Tower Hamlets Council has reached a significant milestone in its ambitious housing programme with the first planning application submitted under the Mayor's Accelerated Housing Programme (MAHP).
The Bethnal Green scheme, submitted in May 2026, will deliver 44 new homes with over 60 per cent affordable provision. Of these, 24 homes will be available at social rent levels. The development also includes a new Idea Store and Residents' Hub, expanding the council's community learning model.
A Heritage-Sensitive Approach
The Bethnal Green development includes a sensitive retrofit of a late Victorian school building, which will house 20 private tenure homes alongside a new five-storey building. The scheme provides more than 1,000 square metres of community space, addressing the borough's chronic shortage of affordable housing while preserving local architectural heritage.
Mayor Lutfur Rahman described the planning submission as "an important step in turning ambition into delivery." The council launched MAHP to speed up the construction of genuinely affordable homes on council-owned land. The programme aims to deliver up to 3,300 new homes across at least 37 sites throughout Tower Hamlets.
Flagship HAP Regeneration Progresses
Parallel to the MAHP initiative, the council's flagship Harriott, Apsley and Pattison House (HAP) regeneration scheme has secured developer agreements. Signed in April 2026 with Vistry, the project will deliver 407 new homes in two phases.
Phase one will provide 109 council homes, including 59 replacement properties for existing residents. The phase includes four wheelchair-accessible homes and 22 properties allocated for overcrowded families currently on the waiting list. Phase two will add a further 298 homes, of which 66 will be council properties with 30 wheelchair-accessible units.
The regeneration will also create two new landscaped courtyards and establish a pedestrian connection to Stepney Green Park, improving public realm connectivity.
Political Context
The housing initiatives follow the May 2026 local elections, which saw Mayor Rahman re-elected with 35,679 votes (38.8 per cent). The Aspire party secured 33 of 45 council seats, gaining nine since 2022. The election also marked a significant shift in the borough's political landscape, with the Green Party increasing its representation to five seats and Labour reduced to five.
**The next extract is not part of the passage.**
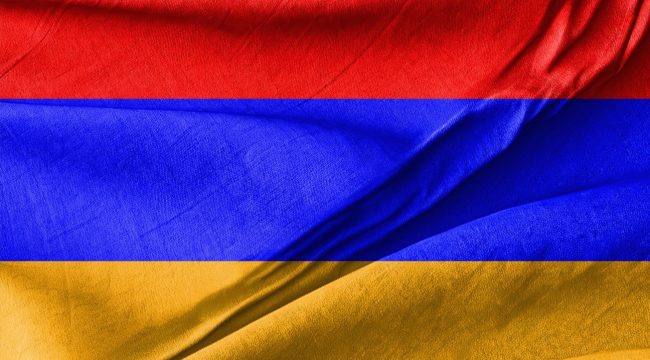 Евангельские лидеры восхитились премьером Армении, процитировавшим Библию на фоне конфликта с церковью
The election results provide political continuity for the council's housing agenda. With turnout at 42.0 per cent among 219,030 registered voters, housing remains a dominant issue in a borough where population density reaches 43,480 per square mile.
Broader Housing Context
Tower Hamlets faces acute housing pressure. Between 2014 and 2024, the borough saw 71 skyscrapers completed, more than any other English local authority. Yet despite this construction activity, demand for genuinely affordable homes continues to outstrip supply.
The MAHP and HAP schemes represent a deliberate shift toward council-led delivery on public land, with affordability thresholds set above statutory minimums. The integration of community infrastructure, including the Idea Store model and enhanced public spaces, signals an approach that treats regeneration as more than a numbers exercise.
Kevin Delve, Managing Director at Vistry East London, described the HAP agreements as "a significant milestone" reflecting "years of close collaboration with Tower Hamlets Council and residents." This emphasis on resident consultation distinguishes the current regeneration programme from earlier estate redevelopments that proceeded with limited community input.
The council's ability to maintain this delivery pace will be tested as both schemes move through planning and construction phases. For residents on waiting lists and in overcrowded accommodation, the promise of new social rent homes cannot come soon enough.